Obiettivo Mondiali 2011: intervista a Valter Mazzei (seconda parte)
Arrivano i temi più fastidiosi, le questioni politiche. E’ sotto gli occhi di tutti che il nuoto pinnato, per un motivo o per l’altro non riesce a fare il salto di qualità richiesto.
Ci sono due discorsi separati: se parliamo a livello politico le federazioni stesse, per come è strutturata la CMAS, non possono cambiare niente perché essendo la Confederazione formata da tante federazioni che valgono sempre 1 voto, indipendentemente dal loro reale peso numerico, diventa ingestibile avanzare qualsiasi istanza, tanto più se si mescolano discipline e soggetti eterogenei tra loro. Se ci fosse una CMAS per il solo nuoto pinnato, per la parte agonistica, penso che le modifiche sarebbero molto più semplici da attuare.
Ti prendi la responsabilità di dire che il nuoto pinnato dovrebbe andare per la sua strada?
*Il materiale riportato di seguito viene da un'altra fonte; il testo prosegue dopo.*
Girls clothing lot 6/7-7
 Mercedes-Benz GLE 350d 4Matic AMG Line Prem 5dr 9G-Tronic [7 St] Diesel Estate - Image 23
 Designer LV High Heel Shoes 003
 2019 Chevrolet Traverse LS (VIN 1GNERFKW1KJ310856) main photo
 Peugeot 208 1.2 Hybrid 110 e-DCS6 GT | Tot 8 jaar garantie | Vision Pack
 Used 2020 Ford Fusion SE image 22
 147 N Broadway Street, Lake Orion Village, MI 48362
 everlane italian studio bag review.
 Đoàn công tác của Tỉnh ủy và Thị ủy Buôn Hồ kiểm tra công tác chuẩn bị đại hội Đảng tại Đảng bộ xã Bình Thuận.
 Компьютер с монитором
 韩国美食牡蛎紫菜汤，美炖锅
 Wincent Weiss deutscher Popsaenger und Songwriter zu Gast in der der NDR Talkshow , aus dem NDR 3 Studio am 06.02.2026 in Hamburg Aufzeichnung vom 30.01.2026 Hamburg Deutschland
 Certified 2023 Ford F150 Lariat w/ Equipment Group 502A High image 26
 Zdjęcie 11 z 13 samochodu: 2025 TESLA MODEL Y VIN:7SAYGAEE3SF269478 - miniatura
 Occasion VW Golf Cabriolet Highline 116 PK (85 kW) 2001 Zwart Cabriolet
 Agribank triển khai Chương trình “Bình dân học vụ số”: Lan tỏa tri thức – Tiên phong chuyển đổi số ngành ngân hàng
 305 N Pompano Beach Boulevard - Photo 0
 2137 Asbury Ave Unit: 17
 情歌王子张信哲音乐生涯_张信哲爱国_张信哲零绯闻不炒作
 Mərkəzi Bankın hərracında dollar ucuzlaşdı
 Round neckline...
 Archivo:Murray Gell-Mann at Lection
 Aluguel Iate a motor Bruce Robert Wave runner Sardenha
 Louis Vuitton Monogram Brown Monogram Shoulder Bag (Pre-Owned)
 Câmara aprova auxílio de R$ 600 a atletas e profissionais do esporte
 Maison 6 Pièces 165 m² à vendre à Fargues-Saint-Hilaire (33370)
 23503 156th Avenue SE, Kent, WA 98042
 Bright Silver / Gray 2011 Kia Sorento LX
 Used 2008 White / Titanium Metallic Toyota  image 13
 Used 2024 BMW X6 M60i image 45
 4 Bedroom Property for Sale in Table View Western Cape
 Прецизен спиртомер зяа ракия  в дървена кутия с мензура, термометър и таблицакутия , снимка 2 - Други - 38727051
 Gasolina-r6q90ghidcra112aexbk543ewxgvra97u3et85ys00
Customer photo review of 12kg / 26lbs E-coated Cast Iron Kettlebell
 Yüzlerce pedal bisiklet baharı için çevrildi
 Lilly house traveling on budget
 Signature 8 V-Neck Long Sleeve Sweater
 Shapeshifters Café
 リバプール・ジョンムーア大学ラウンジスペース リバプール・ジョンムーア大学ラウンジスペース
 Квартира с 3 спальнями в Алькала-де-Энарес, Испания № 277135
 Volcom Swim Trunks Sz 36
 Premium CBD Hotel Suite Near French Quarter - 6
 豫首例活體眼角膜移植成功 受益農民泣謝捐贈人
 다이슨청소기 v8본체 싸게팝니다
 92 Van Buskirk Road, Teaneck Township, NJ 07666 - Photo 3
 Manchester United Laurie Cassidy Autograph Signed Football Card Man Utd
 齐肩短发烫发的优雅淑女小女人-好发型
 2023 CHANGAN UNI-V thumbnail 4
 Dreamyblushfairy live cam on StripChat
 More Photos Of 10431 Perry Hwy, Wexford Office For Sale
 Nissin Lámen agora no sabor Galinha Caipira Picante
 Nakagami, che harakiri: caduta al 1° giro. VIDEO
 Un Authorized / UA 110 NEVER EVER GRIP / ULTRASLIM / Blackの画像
No, mi prendo la responsabilità di dire che il nuoto pinnato, anche all’interno della CMAS, dovrebbe essere gestito in una maniera differente. La parte didattica, come quella subacquea con la vendita di brevetti, non è comparabile con la nostra attività. Tra l’altro non credo più alla storiella che tanto è il Bureau Executive che decide e che quindi non si può fare altro che rimettersi a loro. E’ composto per più del 50% da personalità provenienti dal nuoto pinnato! Se non si riesce a far passare determinate istanze con questa situazione, la colpa non è sicuramente della singola federazione ma di tutte quelle che hanno scelto queste persone come loro rappresentanti. Andando a memoria: Ferrero, che è il presidente, arriva dal pinnato, Xiarchos è stato il tesoriere per diversi anni, è sempre nel Bureau e arriva o comunque è strettamente legato al pinnato, l’Arzhanova è sicuramente legata al settore agonistico, la Burakova ha addirittura un figlio che è un grande campione della specialità, l’egiziano gestisce nuoto pinnato e salvamento nel suo paese… nella stessa situazione ce ne sono altri. Se tanti anni fa si poteva forse usare la scusa che il Bureau Executive prendeva decisioni diverse da quelle avanzate dalla commissione, a questo punto non comprendo una giustificazione del genere. Non conosco a fondo i meccanismi in atto, parlo per la parte agonistica, ma le voci sono queste e trovo inspiegabile che non vengano seguite le nostre esigenze.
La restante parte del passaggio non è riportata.